Para petani yang berjuang dengan pupuk urea tradisional yang tidak efisien mungkin telah menemukan solusinya. ICI Pakistan (LCI Lucky Core Industries) telah memperkenalkanFerti Urea LCI, produk urea berlapis sulfur seberat 25kg yang menggabungkan teknologi canggih dengan inovasi pertanian untuk meningkatkan produktivitas tanaman secara signifikan.
Awalnya dikembangkan di Amerika Serikat dan kini tersedia di Pakistan, Ferti Urea LCI mewakili kemajuan besar dalam teknologi pupuk. Berbeda dengan urea konvensional, ia mengandung40% nitrogen (N)bersama dengan5% belerang bioaktif (S)dan miliaran mikroorganisme bermanfaat. Komposisi unik ini memberikan pelepasan unsur hara secara berkelanjutan sekaligus memperbaiki struktur tanah dan ketahanan tanaman.

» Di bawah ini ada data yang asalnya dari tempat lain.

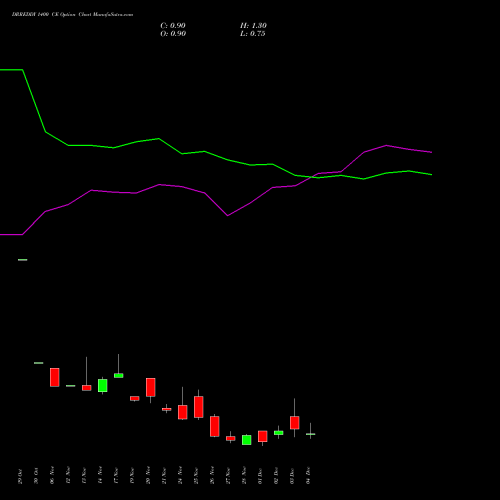 Live DRREDDY 1400 CE (CALL) 30 December 2025 options price chart analysis Dr. Reddy's Laboratories Limited 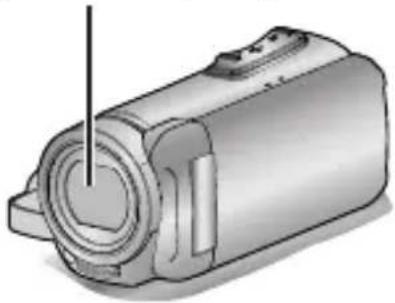 JVC GZ-R495DEU - Skydd av objektivet - 1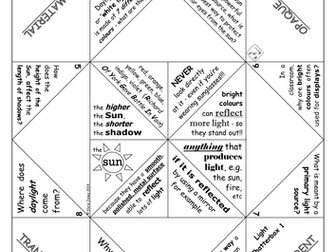 Light and Shadow Chatterboxes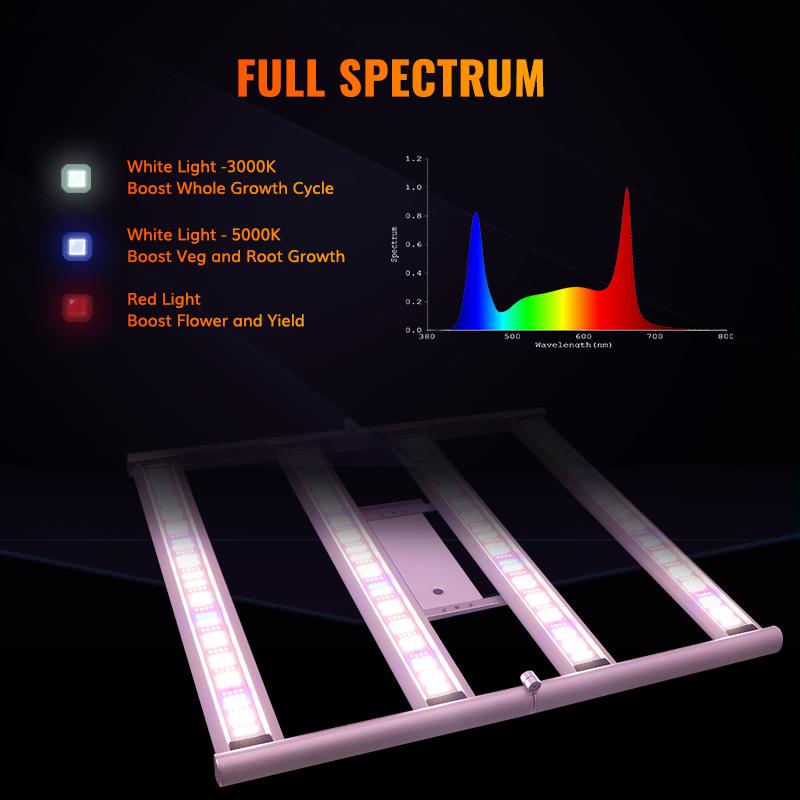 Professional Optical Design 200W Cannabis Seedling Light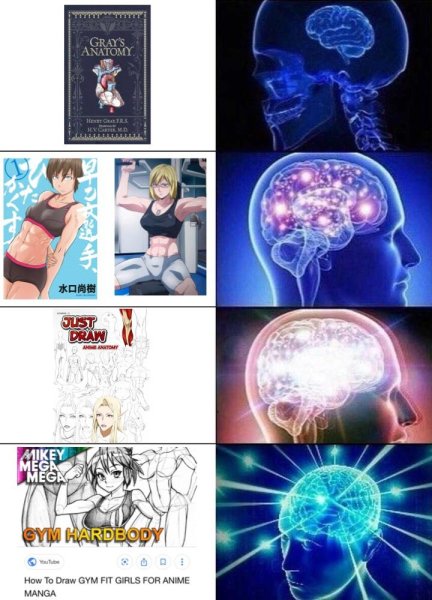 Смешная анатомия аниме
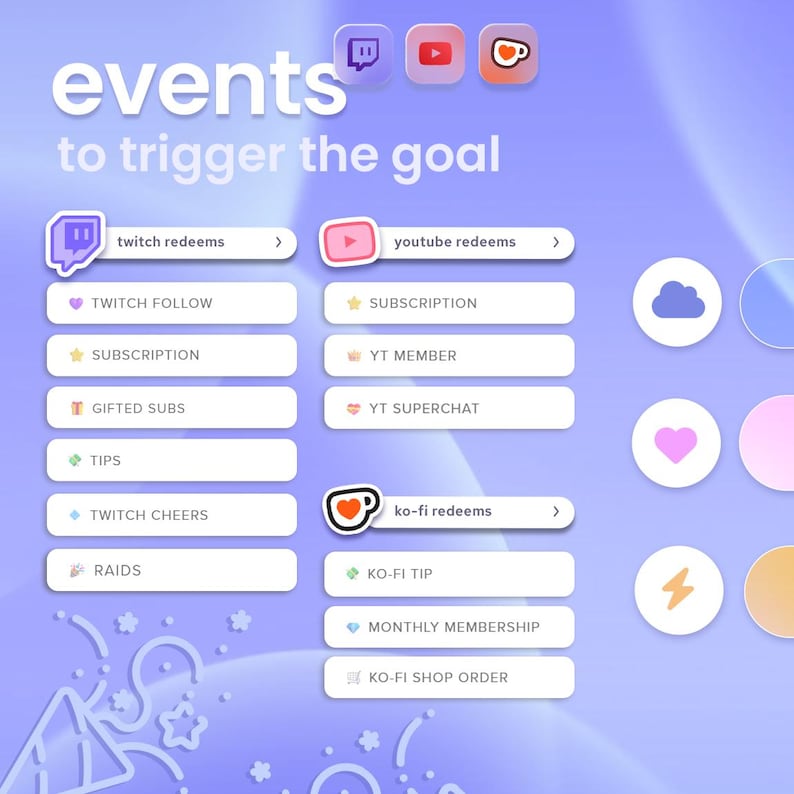 Glass Alert Box Widget | Twitch, Youtube & Ko-fi | (43) Icons ...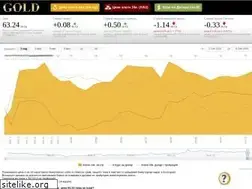 Sites similar to cenazlato.com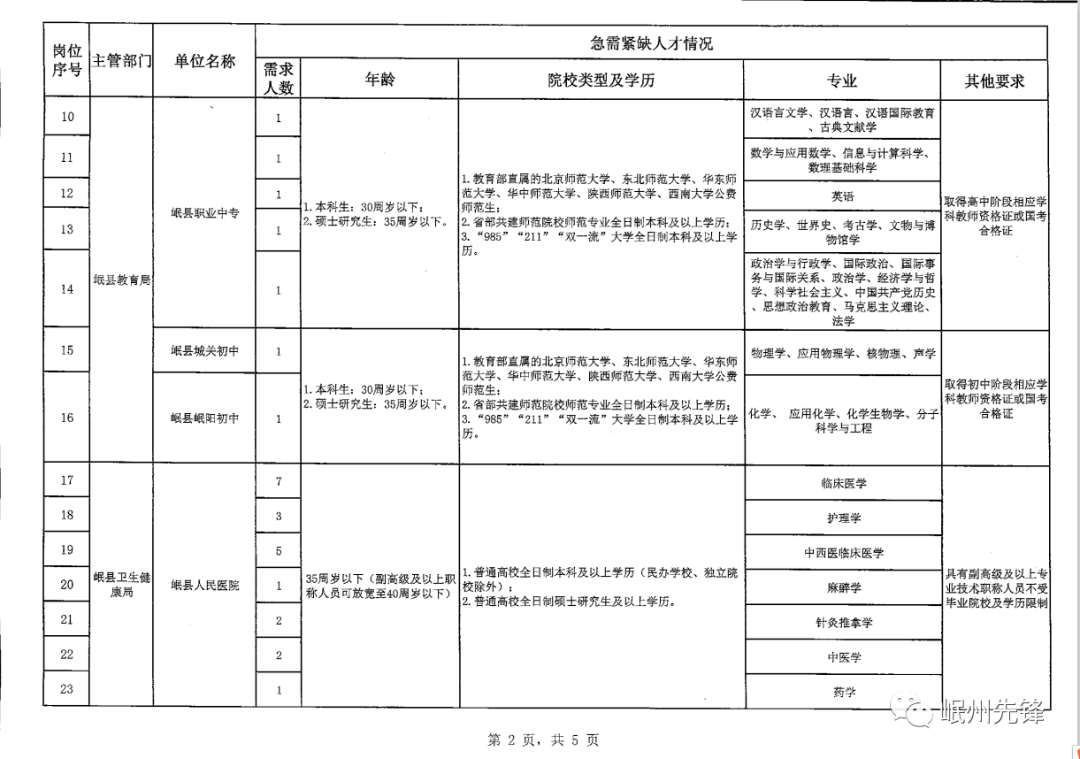 贵德县统计局最新招聘启事概览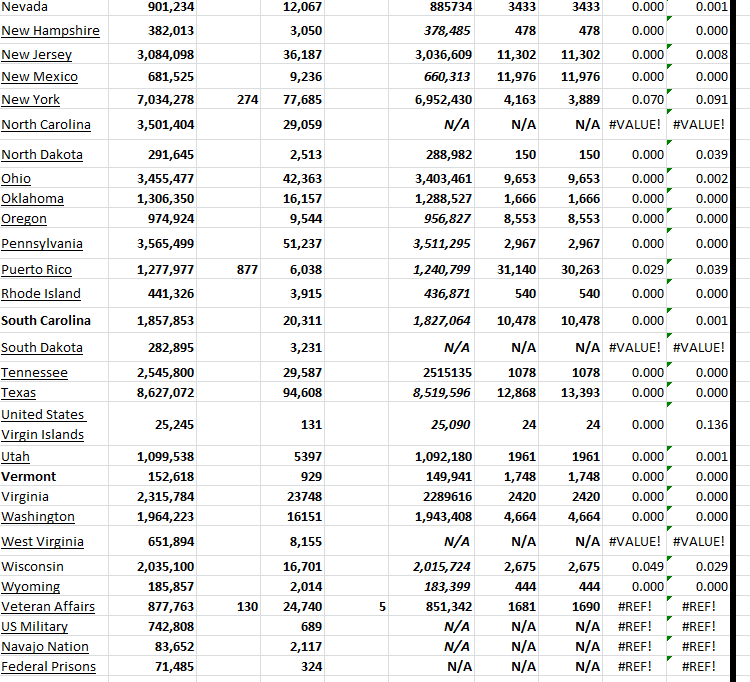 State Growth 062423 B.png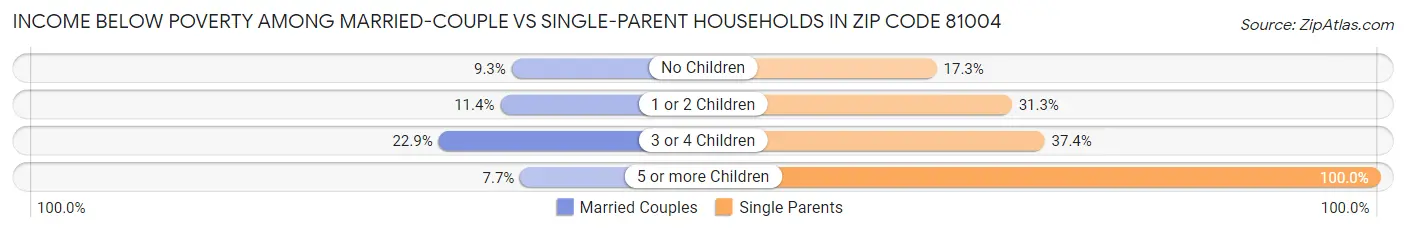 Income Below Poverty Among Married-Couple vs Single-Parent Households in Zip Code 81004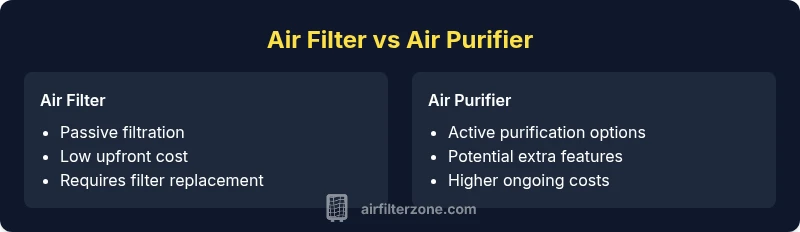 Comparison infographic showing Air Filter vs Air Purifier features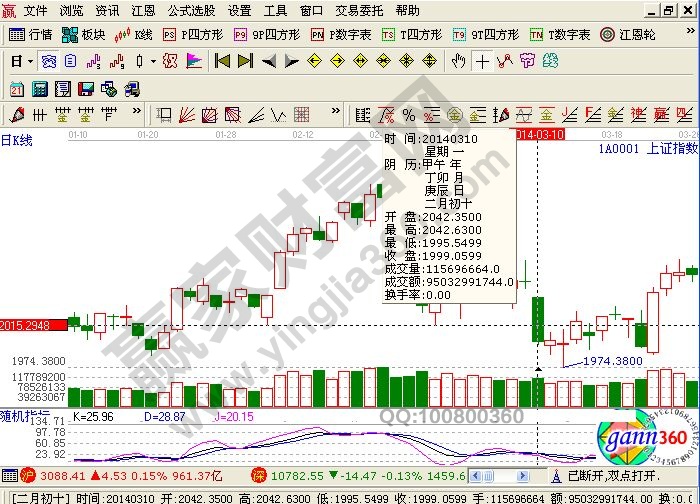 特殊K線的實戰(zhàn)意義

Teknologi pelapisan belerang pada produk ini mengatur pelepasan nitrogen, mencegah hilangnya nutrisi dan pencemaran lingkungan yang umum terjadi pada urea tradisional. Uji lapangan menunjukkan bahwa tanaman menerima nutrisi yang konsisten sepanjang siklus pertumbuhannya, sehingga memungkinkan petani mengurangi frekuensi pemberian nutrisi sekaligus mencapai hasil yang lebih baik.
Pakar pertanian mencatat bahwa penambahan sulfur bioaktif dan probiotik menciptakan ekosistem tanah yang lebih sehat. Komponen-komponen ini mengaktifkan aktivitas mikroba dan meningkatkan kapasitas penyerapan unsur hara tanaman, sehingga pada akhirnya menghasilkan tanaman berkualitas lebih tinggi dengan nilai pasar lebih besar.
Pengenalan Ferti Urea LCI oleh ICI di Pakistan menandai lompatan teknologi yang signifikan di sektor pertanian negara tersebut. Pengguna awal telah melaporkan hasil yang luar biasa, dan para petani memuji kinerja dan jaminan kualitas produk. Inovasi ini sejalan dengan tren global menuju pertanian berkelanjutan dan praktik konservasi tanah.
Ketika Pakistan terus memodernisasi praktik pertaniannya, produk seperti Ferti Urea LCI menunjukkan bagaimana inovasi ilmiah dapat mengatasi tantangan jangka panjang dalam nutrisi tanaman dan pengelolaan lahan. Fokus ganda dari pupuk ini adalah pada produktivitas jangka pendek dan kesehatan tanah dalam jangka panjang, menjadikannya sebagai solusi yang berpotensi transformatif bagi petani yang ingin mengoptimalkan operasi mereka.